- Reign: 1163 C.E. - 1178 C.E.
- Predecessor: Rajaraja Chola II
- Successor: Kulothunga Chola III
- Born: Unknown
- Died: 1178 C.E.
- Queen: Unknown
- Issue: Unknown
- Mother: Daughter of Vikrama Chola

= Rajadiraja Chola II =

Rajadhiraja Chola II (1163 – 1178 C.E.) reigned as the Chola king succeeding Rajaraja Chola II. He was not the direct descendant of Rajaraja Chola II, but a grandson of Vikrama Chola by his daughter. Rajaraja Chola II chose Rajadhiraja as his heir as he did not have any sons of his own.

Soon after the installation of Rajadhiraja II, a fierce succession dispute in the Pandya country led to the intervention of the Chola and the Sinhalese rulers on opposite sides which brought misery to both. Out of the ashes of this civil war arose the Pandya power which in its renewed strength soon swallowed both the Chola and Sinhalese kingdoms.

== Pandya Civil War ==

After the conquest of the Pandya country by Kulothunga Chola I, the local Pandya princes were allowed to rule as they liked, subject to a vague suzerainty of the Cholas. Some Of the Pandyas were loyal to the Cholas as can be seen by one Parantaka Pandya took part in Kulothunga I's Kalinga campaigns. But after Kulothunga I, the cholas lost any little control they had over the Pandyas. There are hardly any inscriptions to be found in the Pandya country after the reign of Kulothunga Chola I.

About 1166 C.E. Parakrama Pandya in Madurai, and Kulasekara quarrelled about the succession and Kulasekara attacked Madurai. Parakrama appealed to the Lanka king Parakramabahu I. Before the Sinhala help could reach Parakrama, Kulasekara took Madurai and killed Parakarama, his wife and some of his children. The sinhala king instructed his general to continue to war until Kulasekara is defeated and the Pandaya throne is bestowed upon a son of Parakrama Pandya.

Kulasekara put up a good fight and the Sinhala forces had to get reinforcements from Lanka. Kulasekara then appealed to Rajadhiraja Chola II, and a large force was sent to his aid. However Kulasekara lost his fight against the Lankan forces. The Lankan general installed Virapandya, a son of Parakrama Pandya on the throne. The fight continued between the Chola forces and that of the Sinhala. The Chola army soon defeated the Sinhalese forces and drove them back to the island.

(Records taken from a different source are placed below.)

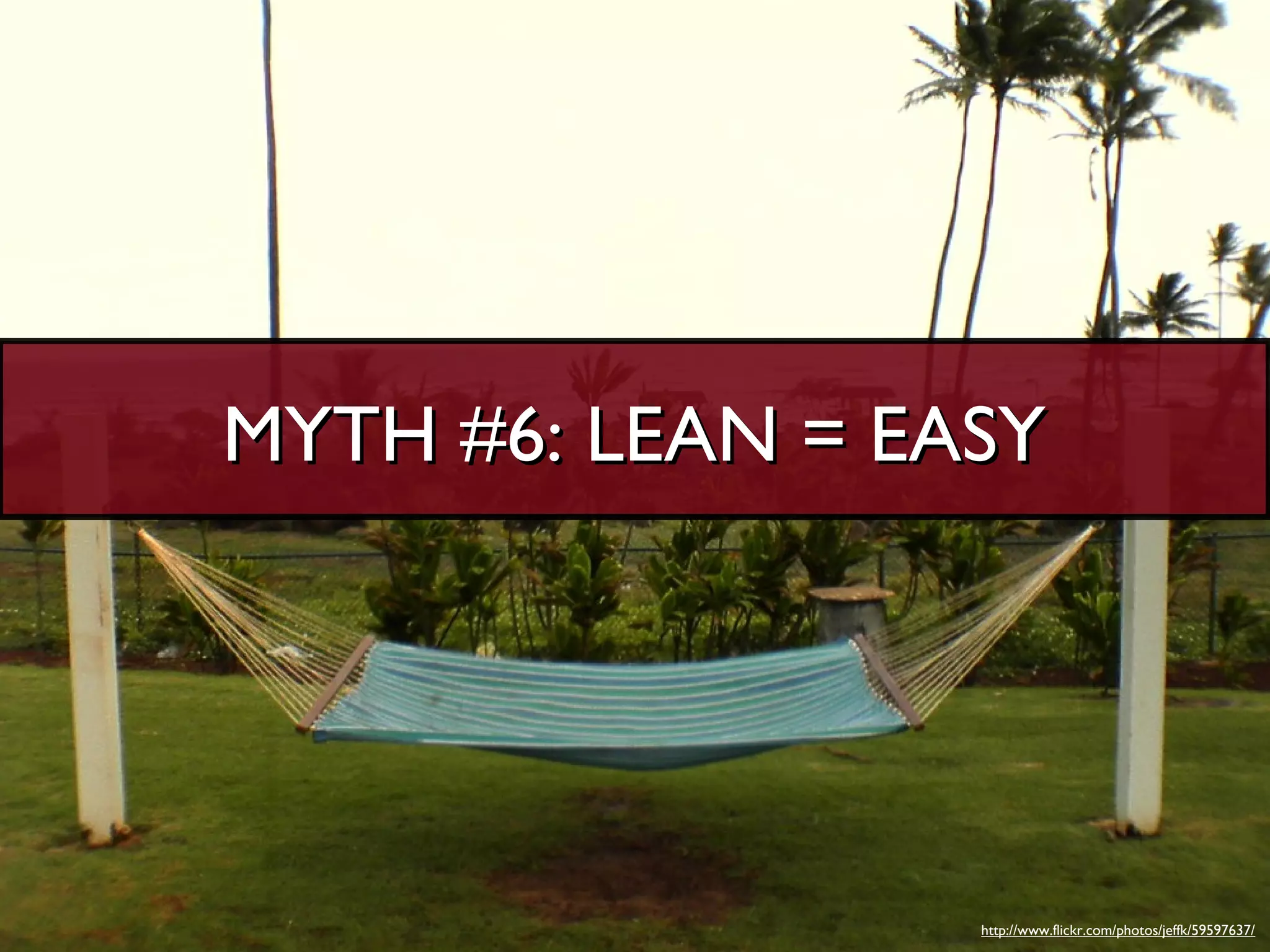 MYTH #6: LEAN = EASY




                  http://www.flickr.com/photos/jeffk/59597637/
 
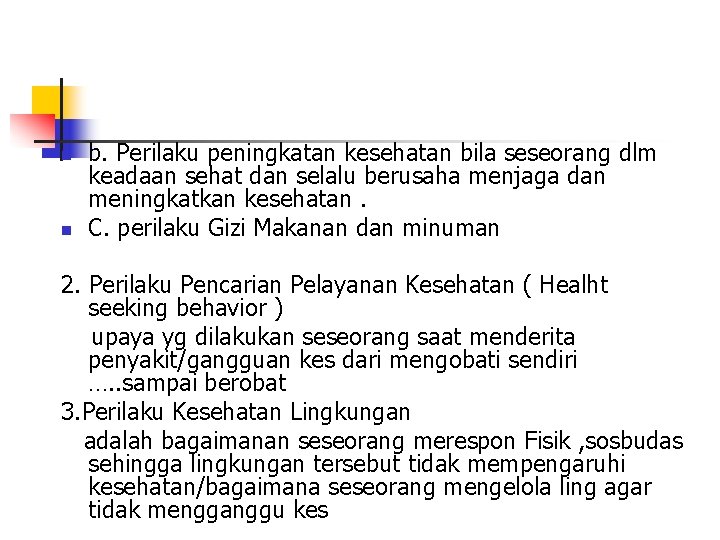 n n b. Perilaku peningkatan kesehatan bila seseorang dlm keadaan sehat dan selalu berusaha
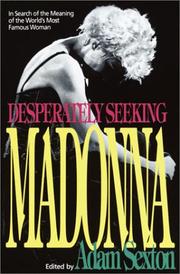 Cover of: Desperately Seeking Madonna: In Search of the Meaning of the World's Most Famous Woman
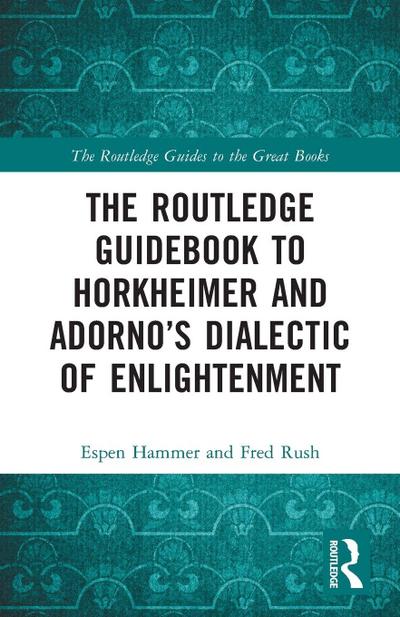 The Routledge Guidebook to Horkheimer and Adorno’s Dialectic of Enlightenment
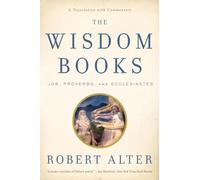 The Wisdom Books: Job, Proverbs, and Ecclesiastes: A Translation with Commentary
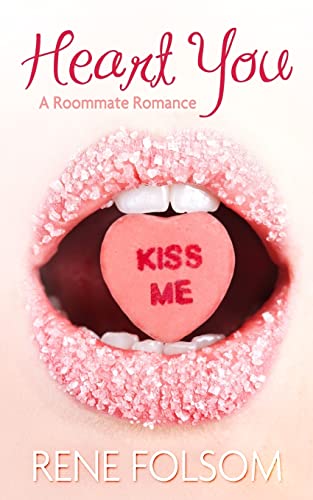 Stock image for Heart You (Roommate Romance #1) for sale by THE SAINT BOOKSTORE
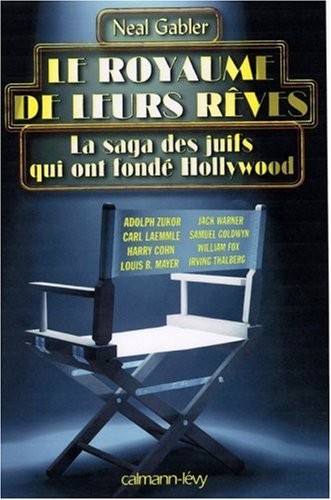 Cover for Le royaume de leurs rêves : La saga des Juifs qui ont fondé Hollywood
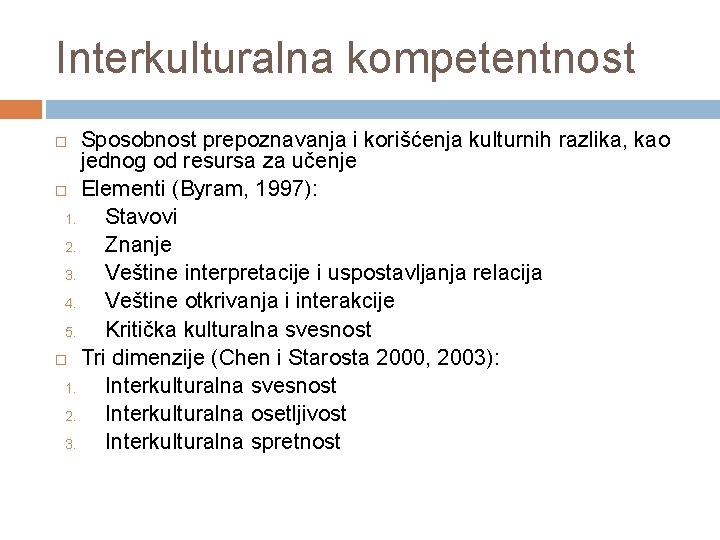 Interkulturalna kompetentnost Sposobnost prepoznavanja i korišćenja kulturnih razlika, kao jednog od resursa za učenje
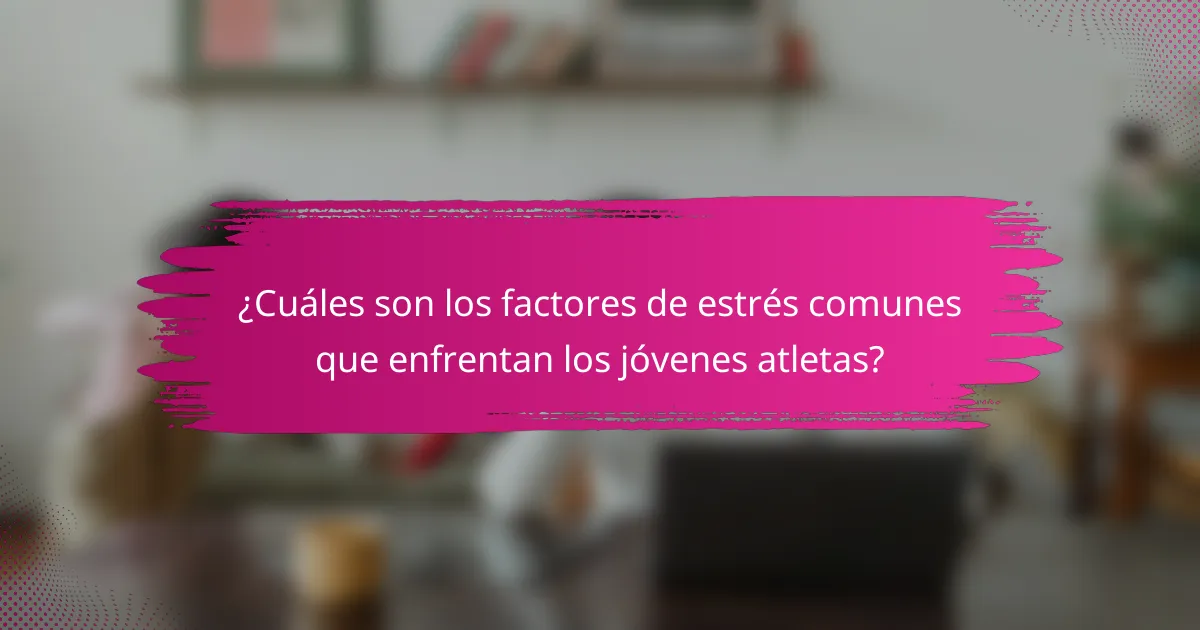 ¿Cuáles son los factores de estrés comunes que enfrentan los jóvenes atletas?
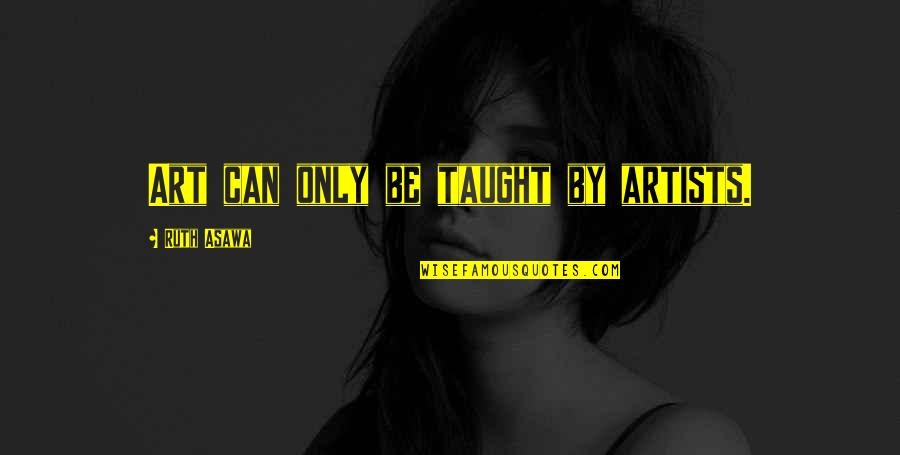 Trachten Clothing Quotes By Ruth Asawa: Art can only be taught by artists. Trachten Clothing Quotes By Ruth Asawa: Art can only be taught by artists.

Parakramabahu prepared a counter offensive against the Chola mainland. On hearing this the Chola general induced Srivallabha, a rival of Parakramabahu to the Sinhala throne to undertake an invasion of the Lanka island. A naval expedition landed in Lanka and attacked and destroyed many places. Seeing the damage his support of Parakrama Pandya had brought to him, Parakramabahu recognised Kulasekara as the rightful king of the Pandyas, and entered into an alliance with him against the Cholas. Cholas discovered Kulasekara's treachery and changed their policy at once. After further fighting, the Cholas set up Virapandya on the Pandya throne and drove Kulasekara into exile

==Empire weakens==

The growing independence of the local feudatories and chieftains started during Rajaraja Chola II became more pronounced in Rajadhiraja's reign. They began to extend more and more of their influences in the central government. This manipulation of the king's authority undermined the central administration to effectively exercise its control over the local government areas of the country.

The growth of these feudatories had two consequences. The first was to weaken the prestige of the king's government by increasingly restricting the sphere of its influence and thereby to loosen its hold the rest of the administration. Secondly they began to form alliances and compacts with each other to convert the official positions they held within the Chola nobility into a hereditary right.

==Death and succession==

Rajadhiraja died in 1178C.E. and Kulothunga Chola III ascended the throne.